Sherif Sherif, University of Guelph, Plant Agricultural Dept., 136-78 College Avenue West, Guielph, ON N1G 4S7, CANADA. Oral Presentation, Biotic Stress I, Wednesday, June 9, 2:35 pm – 2:55 pm, 2010 In Vitro Biology Meeting held in collaboration with the 12th IAPB Congress.
2010 PHILIP R. WHITE AWARD
Development of Efficient Micropropagation and Cryopreservation Protocols for ThymusGermplasm
Thymus is one of the most important genus of the Lamiaceae family, that serves as a natural source of phenolic oils, oleoresins, fresh and dried herbs, used all around the world. However, natural Thymus populations are far from being adequate to support such a great and even growing demand for its products. Interests focusing mainly on few selected chemotypes, lead to the loss of the others in nature, which indeed should be preserved to make available the access to a wide range of genetic diversity to be used as a possible source of natural products. Recently developed biotechnological approaches provide unique alternatives for fast multiplication and long-term maintenance of such germplasm. Among these, ‘in vitro micropropagation’ enables propagation of plants under controlled environmental conditions, while ‘cryopreservation’ make available the cost-effective long-term storage of their germplasm at ultra low temperatures. At such temperature, almost all the biological reactions in cells are hampered, paving the way to store the material for theoratically unlimited periods of time. This study was conducted to develop such protocols for Thymus germplasm. Optimizations for micropropagation involved use of cytokinins, auxins, silver nitrate and gibberellic acid for the induction of multiple shoots.
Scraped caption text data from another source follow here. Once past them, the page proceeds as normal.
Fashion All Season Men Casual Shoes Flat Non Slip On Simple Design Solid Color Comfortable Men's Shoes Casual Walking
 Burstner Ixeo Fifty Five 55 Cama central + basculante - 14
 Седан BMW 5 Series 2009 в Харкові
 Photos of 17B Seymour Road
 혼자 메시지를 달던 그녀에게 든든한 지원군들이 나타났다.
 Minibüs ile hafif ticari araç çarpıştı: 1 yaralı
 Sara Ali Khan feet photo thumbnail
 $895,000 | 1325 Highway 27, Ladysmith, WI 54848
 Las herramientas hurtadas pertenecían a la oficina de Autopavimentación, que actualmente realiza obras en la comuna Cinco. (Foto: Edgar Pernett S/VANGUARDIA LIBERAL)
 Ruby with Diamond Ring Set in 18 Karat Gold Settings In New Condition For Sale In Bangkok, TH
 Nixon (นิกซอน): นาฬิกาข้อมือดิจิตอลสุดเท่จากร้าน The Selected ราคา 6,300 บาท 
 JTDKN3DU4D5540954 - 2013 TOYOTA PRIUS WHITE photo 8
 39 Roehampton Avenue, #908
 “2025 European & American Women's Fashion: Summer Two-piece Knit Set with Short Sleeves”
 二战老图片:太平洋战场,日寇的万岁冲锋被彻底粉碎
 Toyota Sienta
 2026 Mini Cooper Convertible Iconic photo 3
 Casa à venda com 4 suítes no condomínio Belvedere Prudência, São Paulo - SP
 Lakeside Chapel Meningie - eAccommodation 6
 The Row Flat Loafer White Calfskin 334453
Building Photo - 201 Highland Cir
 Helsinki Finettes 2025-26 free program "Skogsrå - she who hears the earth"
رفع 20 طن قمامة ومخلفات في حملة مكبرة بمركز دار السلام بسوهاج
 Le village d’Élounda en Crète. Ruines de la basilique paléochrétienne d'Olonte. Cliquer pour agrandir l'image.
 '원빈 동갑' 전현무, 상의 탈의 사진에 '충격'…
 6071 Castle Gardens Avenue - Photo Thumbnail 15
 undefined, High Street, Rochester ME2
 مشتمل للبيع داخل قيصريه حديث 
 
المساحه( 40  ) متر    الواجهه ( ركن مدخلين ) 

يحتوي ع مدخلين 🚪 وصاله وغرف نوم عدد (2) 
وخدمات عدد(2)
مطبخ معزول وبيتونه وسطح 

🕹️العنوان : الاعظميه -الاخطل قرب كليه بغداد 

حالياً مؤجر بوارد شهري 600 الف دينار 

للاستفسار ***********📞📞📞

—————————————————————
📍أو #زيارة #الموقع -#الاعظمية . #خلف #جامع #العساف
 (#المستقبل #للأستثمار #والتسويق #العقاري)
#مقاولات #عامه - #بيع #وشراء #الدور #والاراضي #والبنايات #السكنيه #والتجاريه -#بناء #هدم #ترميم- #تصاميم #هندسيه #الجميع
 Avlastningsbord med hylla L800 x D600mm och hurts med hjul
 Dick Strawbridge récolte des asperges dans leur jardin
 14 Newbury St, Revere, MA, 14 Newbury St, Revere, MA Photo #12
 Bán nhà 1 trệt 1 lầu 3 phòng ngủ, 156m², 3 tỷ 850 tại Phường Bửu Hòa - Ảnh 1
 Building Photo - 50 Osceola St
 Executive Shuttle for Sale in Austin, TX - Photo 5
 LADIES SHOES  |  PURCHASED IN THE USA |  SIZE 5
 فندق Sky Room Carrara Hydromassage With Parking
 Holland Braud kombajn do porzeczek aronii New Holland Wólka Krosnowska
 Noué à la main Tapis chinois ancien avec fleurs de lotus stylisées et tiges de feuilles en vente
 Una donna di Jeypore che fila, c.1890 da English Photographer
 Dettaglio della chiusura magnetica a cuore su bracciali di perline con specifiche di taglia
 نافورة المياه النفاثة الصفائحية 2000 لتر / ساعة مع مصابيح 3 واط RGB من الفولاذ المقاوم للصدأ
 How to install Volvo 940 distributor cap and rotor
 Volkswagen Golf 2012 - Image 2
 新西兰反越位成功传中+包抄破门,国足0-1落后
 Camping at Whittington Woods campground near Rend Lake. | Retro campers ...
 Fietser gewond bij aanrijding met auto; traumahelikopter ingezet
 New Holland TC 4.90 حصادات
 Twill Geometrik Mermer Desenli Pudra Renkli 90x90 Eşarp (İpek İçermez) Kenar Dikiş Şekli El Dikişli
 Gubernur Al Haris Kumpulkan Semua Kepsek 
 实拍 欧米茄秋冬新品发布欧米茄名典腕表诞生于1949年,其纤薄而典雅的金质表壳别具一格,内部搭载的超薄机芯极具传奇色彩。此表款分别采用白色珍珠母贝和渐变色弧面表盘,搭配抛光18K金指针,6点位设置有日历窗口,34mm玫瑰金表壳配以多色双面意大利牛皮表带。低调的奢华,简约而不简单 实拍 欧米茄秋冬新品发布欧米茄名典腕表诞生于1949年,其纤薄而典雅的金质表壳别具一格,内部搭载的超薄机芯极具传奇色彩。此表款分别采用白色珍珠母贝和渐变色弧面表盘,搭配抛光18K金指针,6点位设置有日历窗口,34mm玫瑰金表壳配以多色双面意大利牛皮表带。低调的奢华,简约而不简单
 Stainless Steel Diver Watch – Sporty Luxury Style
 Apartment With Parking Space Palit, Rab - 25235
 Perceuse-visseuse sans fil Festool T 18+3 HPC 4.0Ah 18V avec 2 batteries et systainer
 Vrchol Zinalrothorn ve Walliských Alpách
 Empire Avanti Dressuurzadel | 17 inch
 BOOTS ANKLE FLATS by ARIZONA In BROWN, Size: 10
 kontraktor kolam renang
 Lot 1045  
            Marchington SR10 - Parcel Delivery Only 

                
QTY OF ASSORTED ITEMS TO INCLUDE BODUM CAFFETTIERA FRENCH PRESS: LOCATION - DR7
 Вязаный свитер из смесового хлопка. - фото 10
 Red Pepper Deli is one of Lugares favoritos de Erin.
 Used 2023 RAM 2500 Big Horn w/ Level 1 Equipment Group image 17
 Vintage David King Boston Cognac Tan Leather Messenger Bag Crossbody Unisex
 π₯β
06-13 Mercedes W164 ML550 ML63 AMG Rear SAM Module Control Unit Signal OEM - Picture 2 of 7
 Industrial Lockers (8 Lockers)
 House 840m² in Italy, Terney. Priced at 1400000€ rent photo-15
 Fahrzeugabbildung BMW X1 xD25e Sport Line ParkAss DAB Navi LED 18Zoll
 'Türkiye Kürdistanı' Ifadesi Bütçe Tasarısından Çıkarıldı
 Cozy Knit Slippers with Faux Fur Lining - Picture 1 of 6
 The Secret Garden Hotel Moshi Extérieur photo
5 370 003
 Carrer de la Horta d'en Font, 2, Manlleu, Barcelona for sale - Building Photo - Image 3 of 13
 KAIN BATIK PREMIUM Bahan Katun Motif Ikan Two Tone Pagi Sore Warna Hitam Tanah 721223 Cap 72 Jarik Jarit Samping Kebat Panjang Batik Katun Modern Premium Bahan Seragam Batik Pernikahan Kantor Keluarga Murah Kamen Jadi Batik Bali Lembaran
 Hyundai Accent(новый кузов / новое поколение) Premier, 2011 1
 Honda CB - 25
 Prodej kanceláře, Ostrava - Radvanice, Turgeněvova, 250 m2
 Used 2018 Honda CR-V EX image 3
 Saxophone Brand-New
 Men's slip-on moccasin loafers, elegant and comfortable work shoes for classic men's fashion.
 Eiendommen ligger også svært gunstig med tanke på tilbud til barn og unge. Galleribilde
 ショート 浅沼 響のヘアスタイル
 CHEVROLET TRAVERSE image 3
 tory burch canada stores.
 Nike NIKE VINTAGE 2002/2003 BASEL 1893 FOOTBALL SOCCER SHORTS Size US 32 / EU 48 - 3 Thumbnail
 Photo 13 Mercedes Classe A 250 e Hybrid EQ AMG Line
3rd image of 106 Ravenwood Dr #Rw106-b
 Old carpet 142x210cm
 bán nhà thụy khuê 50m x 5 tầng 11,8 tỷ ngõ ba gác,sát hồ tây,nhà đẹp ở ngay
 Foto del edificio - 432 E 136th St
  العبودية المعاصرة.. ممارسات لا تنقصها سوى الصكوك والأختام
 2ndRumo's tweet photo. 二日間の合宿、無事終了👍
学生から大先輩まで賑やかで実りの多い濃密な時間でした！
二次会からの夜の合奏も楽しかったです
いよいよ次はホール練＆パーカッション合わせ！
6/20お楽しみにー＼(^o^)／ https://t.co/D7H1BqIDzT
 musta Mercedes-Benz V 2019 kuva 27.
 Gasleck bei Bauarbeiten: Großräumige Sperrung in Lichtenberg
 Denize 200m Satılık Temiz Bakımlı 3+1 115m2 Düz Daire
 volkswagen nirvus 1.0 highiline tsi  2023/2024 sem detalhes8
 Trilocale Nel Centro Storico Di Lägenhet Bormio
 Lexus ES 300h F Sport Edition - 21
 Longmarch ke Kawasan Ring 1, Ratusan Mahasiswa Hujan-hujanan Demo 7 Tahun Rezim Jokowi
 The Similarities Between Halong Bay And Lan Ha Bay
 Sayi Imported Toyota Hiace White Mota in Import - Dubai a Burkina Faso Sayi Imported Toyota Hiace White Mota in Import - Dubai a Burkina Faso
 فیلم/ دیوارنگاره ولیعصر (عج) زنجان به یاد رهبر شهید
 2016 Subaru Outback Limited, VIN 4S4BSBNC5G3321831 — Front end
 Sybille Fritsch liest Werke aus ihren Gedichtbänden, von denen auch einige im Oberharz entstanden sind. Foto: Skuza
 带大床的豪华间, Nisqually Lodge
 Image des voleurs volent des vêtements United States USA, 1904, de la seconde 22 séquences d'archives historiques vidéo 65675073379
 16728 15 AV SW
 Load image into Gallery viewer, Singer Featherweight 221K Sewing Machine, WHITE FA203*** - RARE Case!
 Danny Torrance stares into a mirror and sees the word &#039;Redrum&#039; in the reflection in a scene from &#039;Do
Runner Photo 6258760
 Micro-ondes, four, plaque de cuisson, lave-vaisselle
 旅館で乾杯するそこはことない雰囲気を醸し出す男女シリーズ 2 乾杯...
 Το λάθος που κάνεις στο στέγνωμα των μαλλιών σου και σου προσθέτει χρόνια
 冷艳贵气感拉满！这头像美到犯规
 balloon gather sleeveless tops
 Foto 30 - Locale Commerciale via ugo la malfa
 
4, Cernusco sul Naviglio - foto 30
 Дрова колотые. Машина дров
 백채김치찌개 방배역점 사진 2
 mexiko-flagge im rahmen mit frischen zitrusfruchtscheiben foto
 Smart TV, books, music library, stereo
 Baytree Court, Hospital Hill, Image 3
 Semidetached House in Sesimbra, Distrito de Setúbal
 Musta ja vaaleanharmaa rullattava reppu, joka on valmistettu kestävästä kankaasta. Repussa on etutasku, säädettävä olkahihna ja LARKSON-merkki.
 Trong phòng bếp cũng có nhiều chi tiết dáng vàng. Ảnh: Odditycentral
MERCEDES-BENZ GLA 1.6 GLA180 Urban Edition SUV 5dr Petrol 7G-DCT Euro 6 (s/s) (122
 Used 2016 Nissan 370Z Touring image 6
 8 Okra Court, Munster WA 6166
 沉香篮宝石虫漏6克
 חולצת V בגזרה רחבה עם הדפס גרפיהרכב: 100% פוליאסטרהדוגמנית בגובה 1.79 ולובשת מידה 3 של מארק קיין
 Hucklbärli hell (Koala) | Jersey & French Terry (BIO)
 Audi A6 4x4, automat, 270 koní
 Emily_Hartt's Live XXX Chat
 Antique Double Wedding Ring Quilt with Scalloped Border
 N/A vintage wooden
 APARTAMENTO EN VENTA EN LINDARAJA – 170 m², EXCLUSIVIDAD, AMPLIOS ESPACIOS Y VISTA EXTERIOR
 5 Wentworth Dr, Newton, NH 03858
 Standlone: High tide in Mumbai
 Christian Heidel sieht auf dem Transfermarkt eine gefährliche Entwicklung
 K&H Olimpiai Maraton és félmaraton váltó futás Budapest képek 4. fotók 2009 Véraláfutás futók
Best shoot proliferation (97%) was obtained when MS medium was supplemented with 1 mg l-1 kinetin and 0.3 mg l-1 GA3. Rooting was easily obtained on MS medium, either hormone-free or supplemented with auxins. Cryopreservation methods applied were (i) PVS2 vitrification, (ii) encapsulation-vitirification, and (iii) droplet-freezing. All three methods showed to be effective to induce cryotolerance of thyme shoot tips, obtained from in vitro propagated plantlets.
Ergun Kaya, Gebze Institute of Technology, Istanbul cad. no: 101, Gebze, Kocaeli 41400, TURKEY. Abstract number P-283, 2010 In Vitro Biology Meeting held in collaboration with the 12th IAPB Congress.